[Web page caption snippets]

★ ★ ★

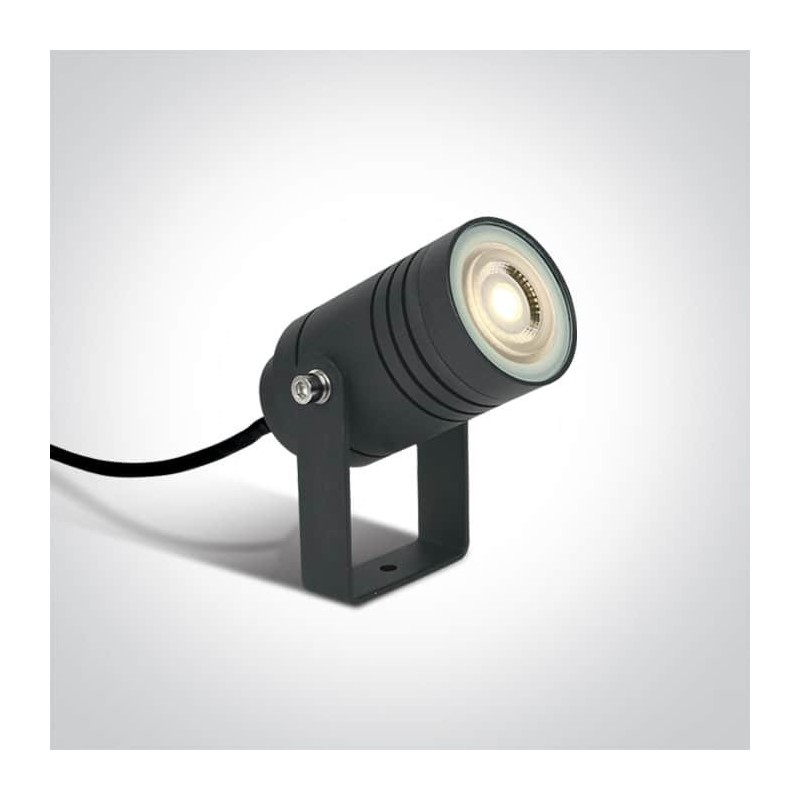Spot sur piquet GARDEN Anthracite GU10 IP65
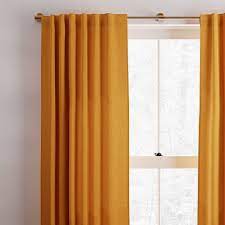 Net curtains yellow curtains crochet curtains rustic curtains cafe curtains kitchen curtains crochet sunflower sunflower. Solid European Flax Linen Curtain Dark Amber
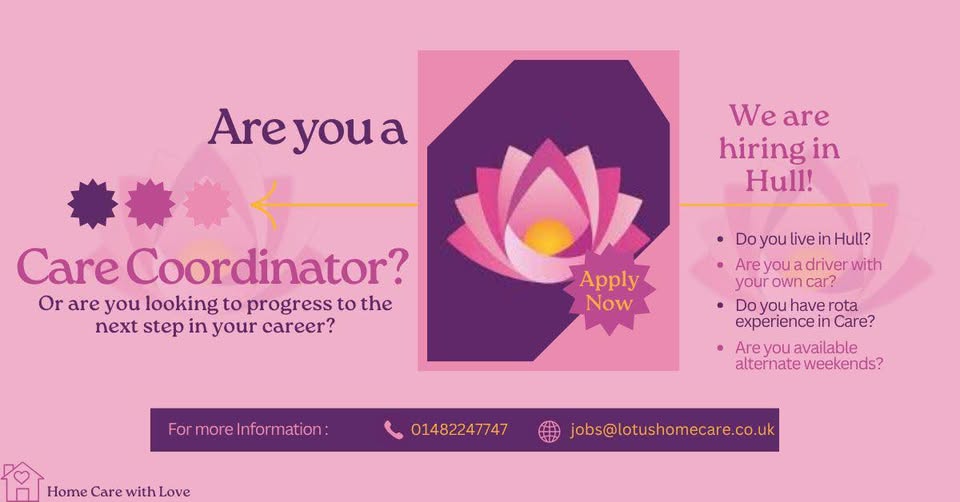 We are looking for Care Coordinators at Lotus Home Care!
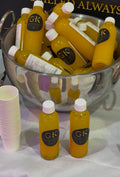 Fresh Orange Passion Fruit / Orange Mango / Slim Grin Juice/ Seasonal Fruits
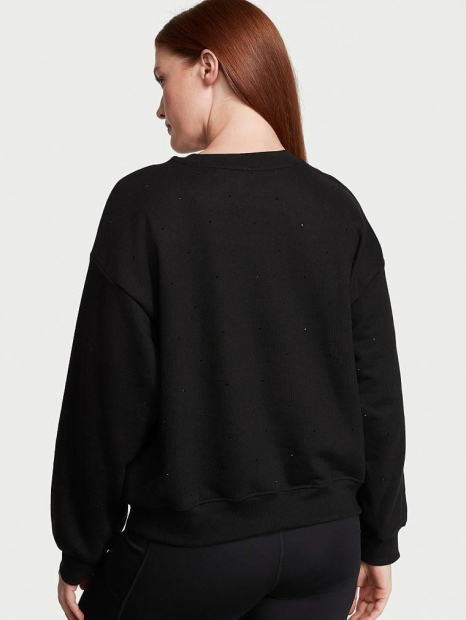 Женский свитшот Victoria's Secret со стразами 1159847577 (Черный M)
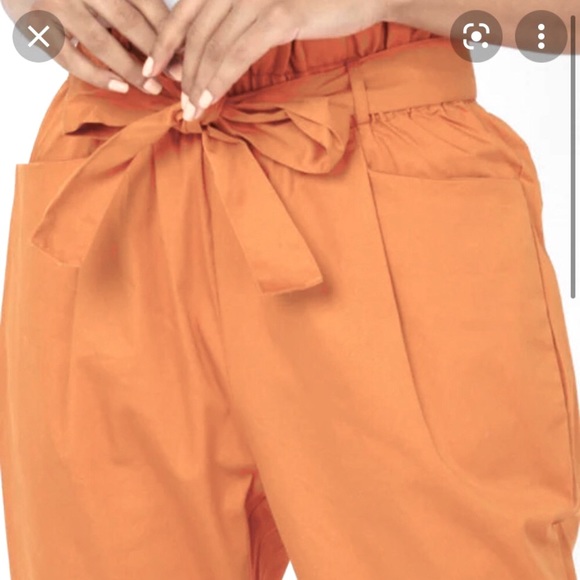 LEFTIES Peg-Leg Fashion Joggers w/ Waist Tie in Royal Blue - Picture 9 of 13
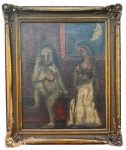 María IZQUIERDO (1902-1955) - oleo s/ tela, medindo: 50 cm x 40 cm e 62 cm x 52 cm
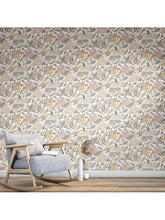 John LewisLydia Floral Vinyl Wallpaper, Turmeric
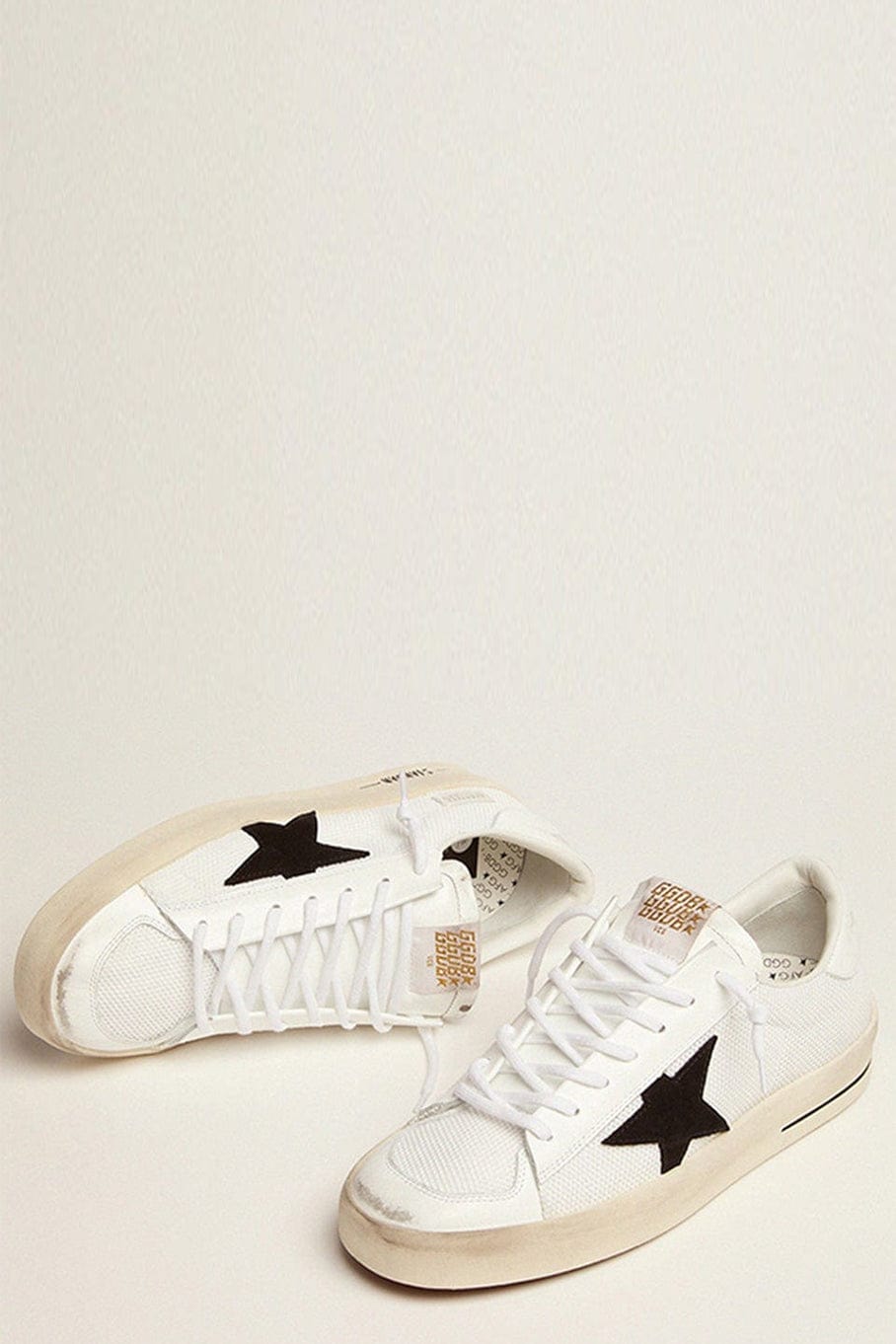 GOLDEN GOOSE-Men's Stardan Net Sneaker-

★ ★ ★

Please retype exactly the lines from the one containing "Fresh Orange Passion" through the last line of the records, both included, leaving out every picture.

Task answer =>
 Fresh Orange Passion Fruit / Orange Mango / Slim Grin Juice/ Seasonal Fruits
 Женский свитшот Victoria's Secret со стразами 1159847577 (Черный M)
 LEFTIES Peg-Leg Fashion Joggers w/ Waist Tie in Royal Blue - Picture 9 of 13
 María IZQUIERDO (1902-1955) - oleo s/ tela, medindo: 50 cm x 40 cm e 62 cm x 52 cm
 John LewisLydia Floral Vinyl Wallpaper, Turmeric
 GOLDEN GOOSE-Men's Stardan Net Sneaker-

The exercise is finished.